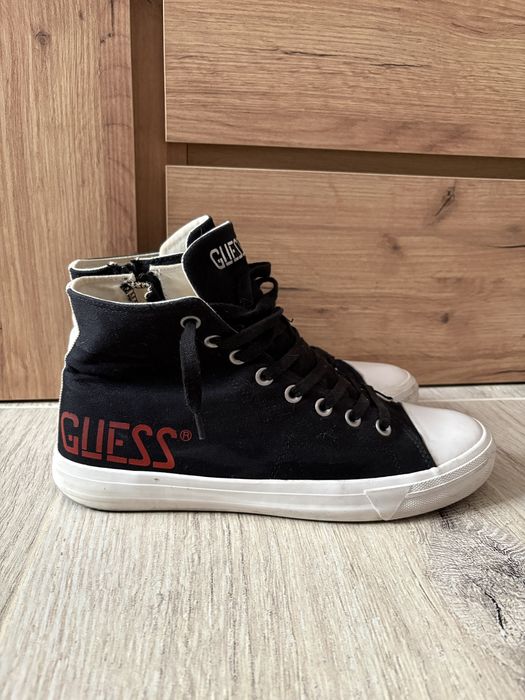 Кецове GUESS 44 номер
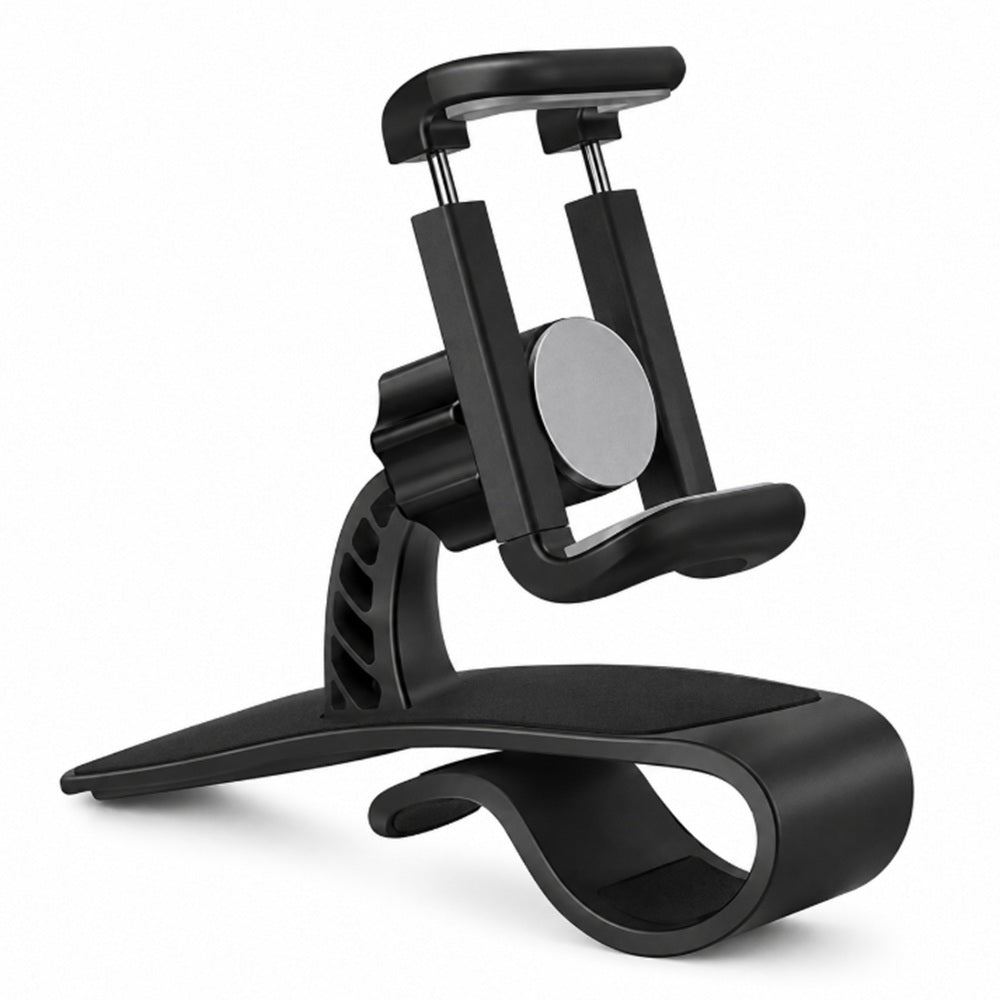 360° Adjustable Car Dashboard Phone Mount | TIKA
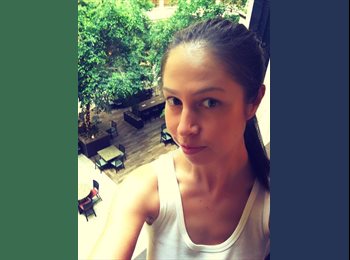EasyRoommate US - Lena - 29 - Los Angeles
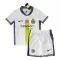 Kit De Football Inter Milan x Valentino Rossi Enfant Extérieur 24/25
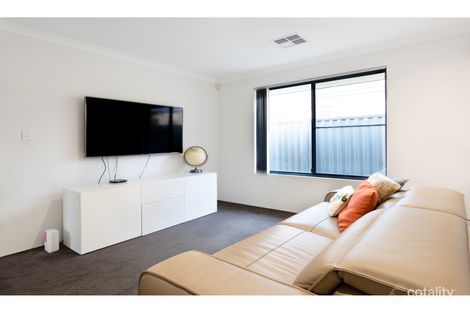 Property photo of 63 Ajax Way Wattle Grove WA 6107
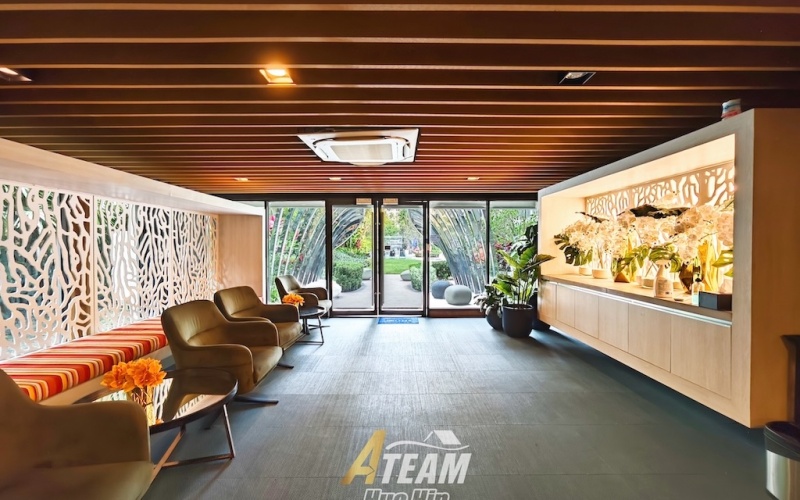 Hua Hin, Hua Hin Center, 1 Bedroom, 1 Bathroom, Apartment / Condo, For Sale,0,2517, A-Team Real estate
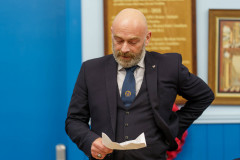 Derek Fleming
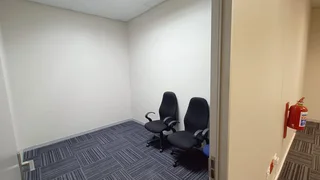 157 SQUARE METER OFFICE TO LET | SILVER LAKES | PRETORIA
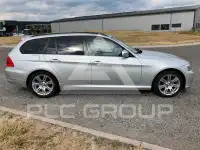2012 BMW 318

• What you should do:
Please transcribe all of the records above exactly, leaving out any pictures.

• Completed task:
 Кецове GUESS 44 номер
 360° Adjustable Car Dashboard Phone Mount | TIKA
EasyRoommate US - Lena - 29 - Los Angeles
 Kit De Football Inter Milan x Valentino Rossi Enfant Extérieur 24/25
 Property photo of 63 Ajax Way Wattle Grove WA 6107
 Hua Hin, Hua Hin Center, 1 Bedroom, 1 Bathroom, Apartment / Condo, For Sale,0,2517, A-Team Real estate
 Derek Fleming
 157 SQUARE METER OFFICE TO LET | SILVER LAKES | PRETORIA
2012 BMW 318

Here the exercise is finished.